For Stratus, receiving the Iron Mike Mazurki award recognizes how women wrestlers “did make a difference back in the day,” as she and her counterparts worked to “show that we were part of the boys club” and could do more than was expected. Proof that the “Golden Era” divas did just that is evident in storylines, ratings, increased female demographics and the legacy they left, according to Stratus.
MAKING A DIFFERENCE
“Now in the current landscape of women’s wrestling, thanks to the training, they can just bring a woman in and put her right into the spotlight, and it seems like we’re on the cusp of another era of great women’s wrestling,” said Stratus, who received the award — which recognizes an individual with a prominent wrestling career, who took that visibility and catapulted it into successful ventures post-wrestling — at the CAC reunion at the Gold Coast Hotel & Casino in Las Vegas in mid-April.
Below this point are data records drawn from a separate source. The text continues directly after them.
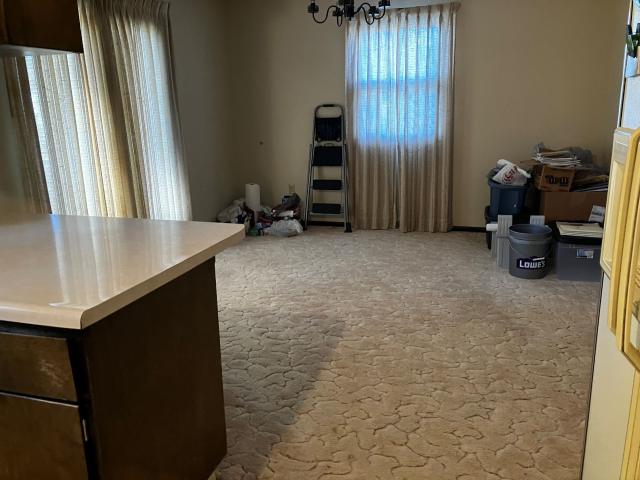 1000 3rd Street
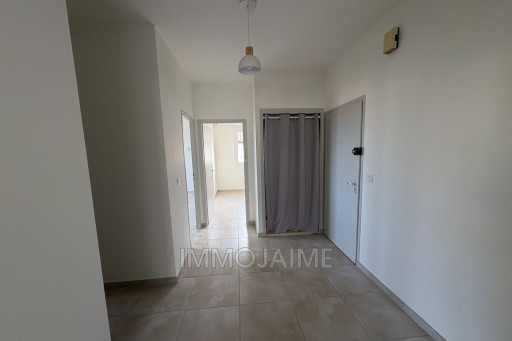 appartement à louer Elne
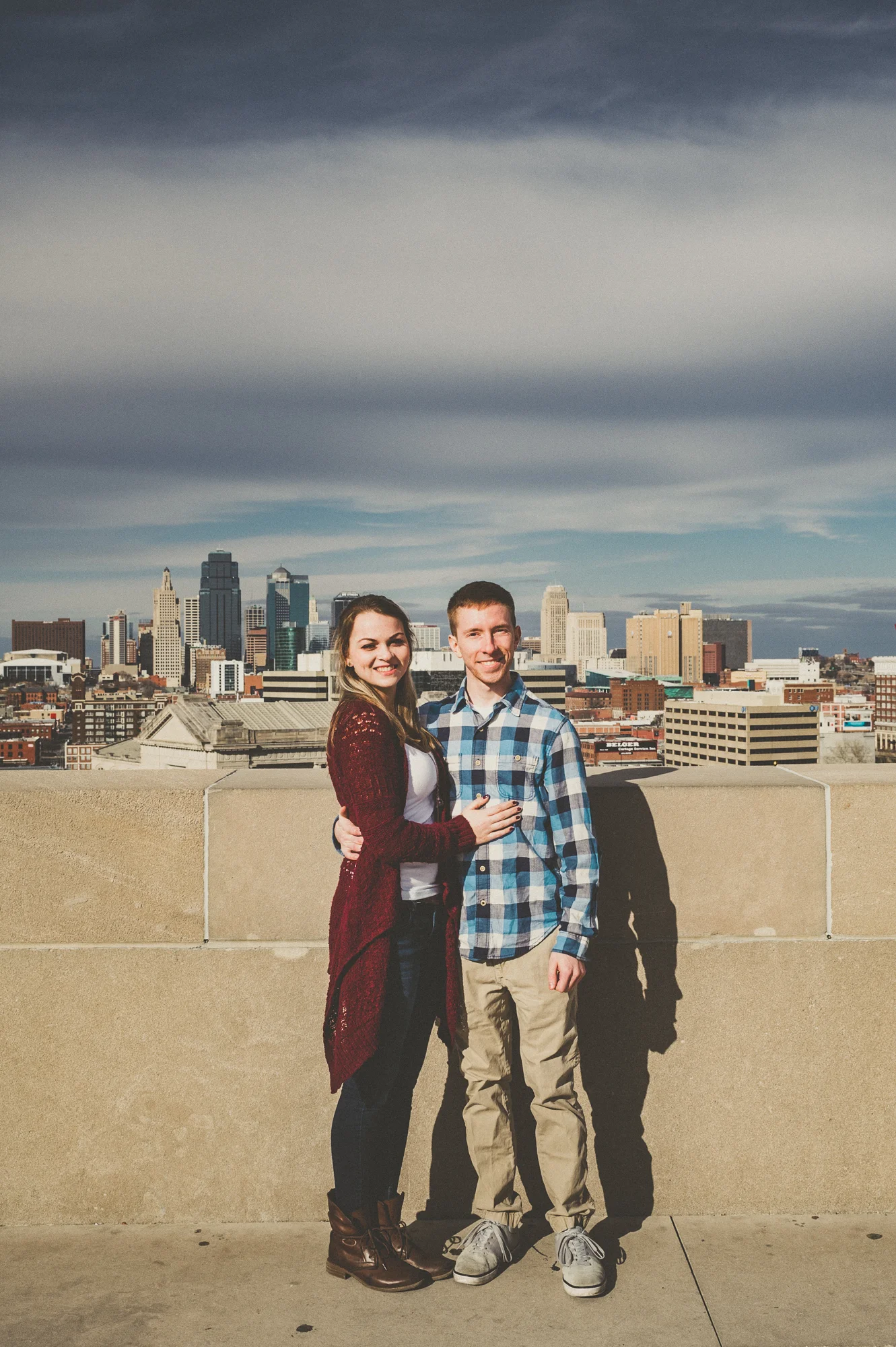 WildCreatives_KansasCity_KC_Creative_Adventure_ValentinesDay_Event_Explore_012.jpg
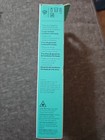 Logitech R400 Laser Presentation Remote - Black Brand New Sealed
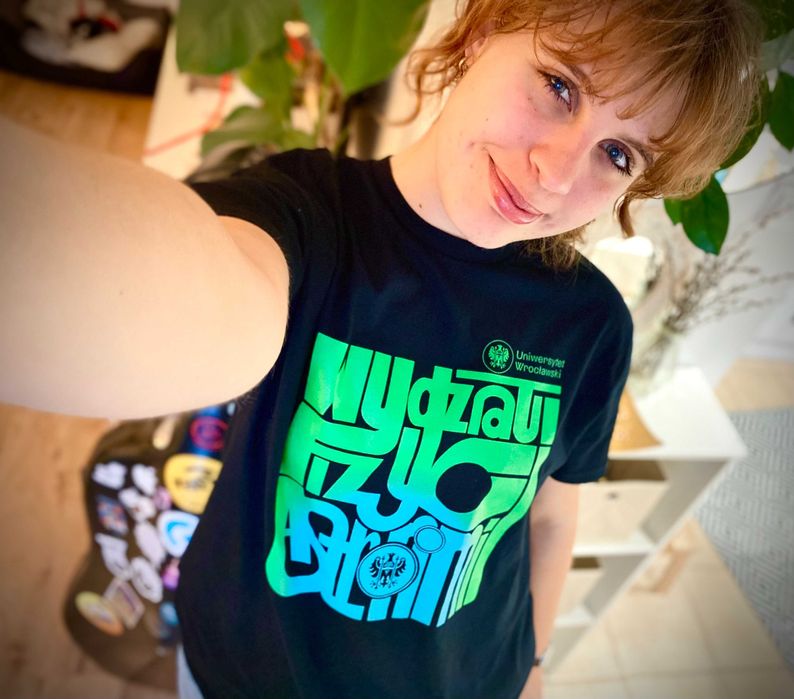 Korepetycje Online z Fizyki i Matematyki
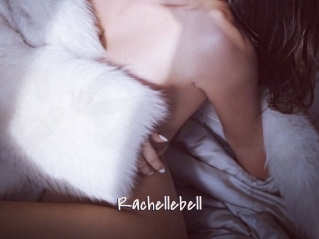 Rachellebell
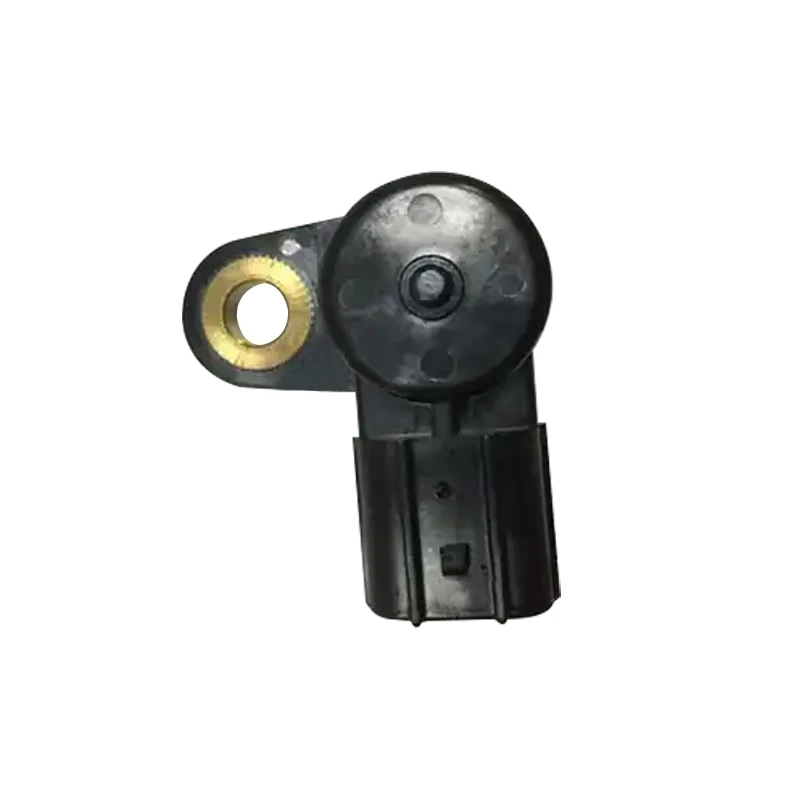 

158557-61720 Good Quality Excavator Accessories Crankshaft Sensor For Yanmar DX75/80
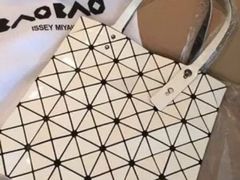 -三宅一生 ISSEY MIYAKE(北京SKP店)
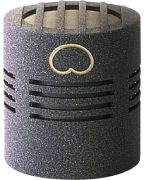 Schoeps MK-4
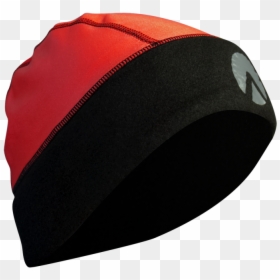 Red Beanie Png, Transparent Png - red beanie png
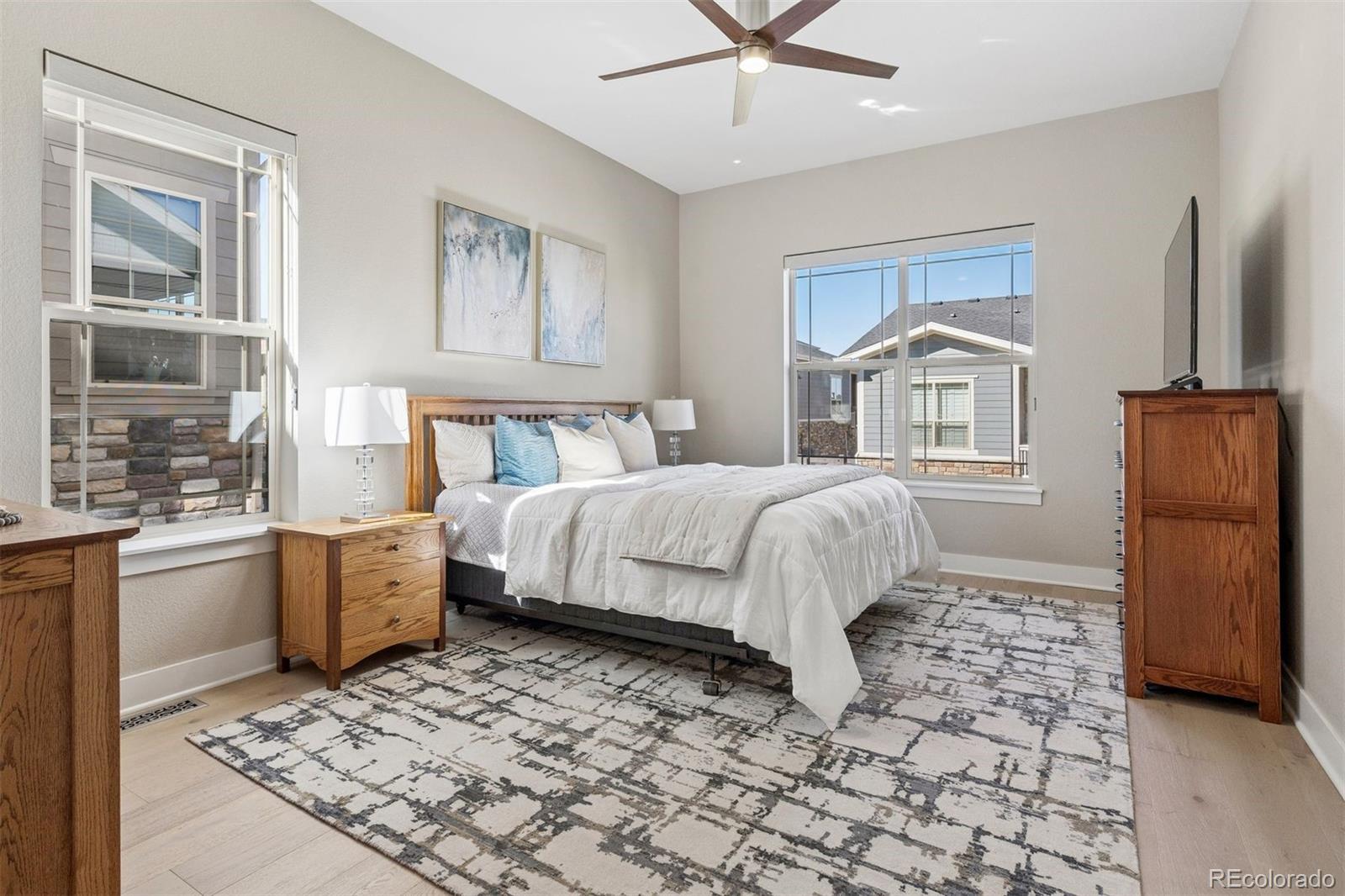 MLS Image #22 for 22185 e bailey place,aurora, Colorado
The mother of one had the opportunity to see that era unfolding when in 2011 she served as a trainer on WWE Tough Enough. The Diva of the Decade said the show was “a great opportunity to give back all this good that I had learned along the way.” The set up of Tough Enough, with coaches, a training facility and living in close quarters was “like a small microcosm of what happens now,” according to Stratus.
“They have the Performance Center and most of the up and coming talent live in the Florida area and they all do their training there and… have the trainers and promo classes. It’s pretty incredible the system they have built to develop talent and, obviously, we’re seeing a difference.”
The difference is especially evident in the women emerging from NXT, Stratus said.
“It’s like they’re breeding these girls quietly, these women wrestlers in some secret laboratory and then it’s like, ‘Bam! Here we go,'” Stratus said.
Stratus said while she rose quickly in her career, she learned on the road, but because of the opportunities afforded through the Performance Center, the NXT women have “done a million promos and they’ve performed in front of a crowd,” in addition to watching their matches back.
During her CAC acceptance speech, Stratus also noted a shift in the current WWE women’s division, specifically due to the retirement of the Divas Championship and return of the Women’s Championship.
“Cue the Stone Cold Steve Austin glass shatter because, ladies and gentlemen, the Women’s Championship is back… As a WWE Women’s champion, a seven-time WWE Women’s champion, nothing makes me more happy than seeing this title,” Stratus said. “Of course, if someone wins it seven times, we may need to revisit that statement. The new Women’s Championship signals the demise of the Divas Championship.”
However, Stratus did not discount the crop of women in TNA’s Knockouts division, where former WWE stars Gail Kim and Mickie James reside.
“There’s been solid women’s wrestling in TNA for a long time, which people don’t often recognize,” Stratus said. “So I think for them too, they have some solid workers who all, what I know about them, the girls that I know, it’s a real tight family, and I think that makes a difference in their performance when you have that camaraderie and when they support one another and be each other’s cheerleaders.”
Through her career, from the days playing wrestling with Barbie dolls as a youngster and looking up to women like Wendi Richter to becoming a “real-life superhero,” Stratus credits many people — but dedicated the Iron Mike Award to her father, who passed away last year.
“I was his little tomboy,” Stratus said during her acceptance speech, “and he’s watching me now in Heaven. He would have been so proud to see me receive this award, to see me, his little girl, accepted into the boys’ club.”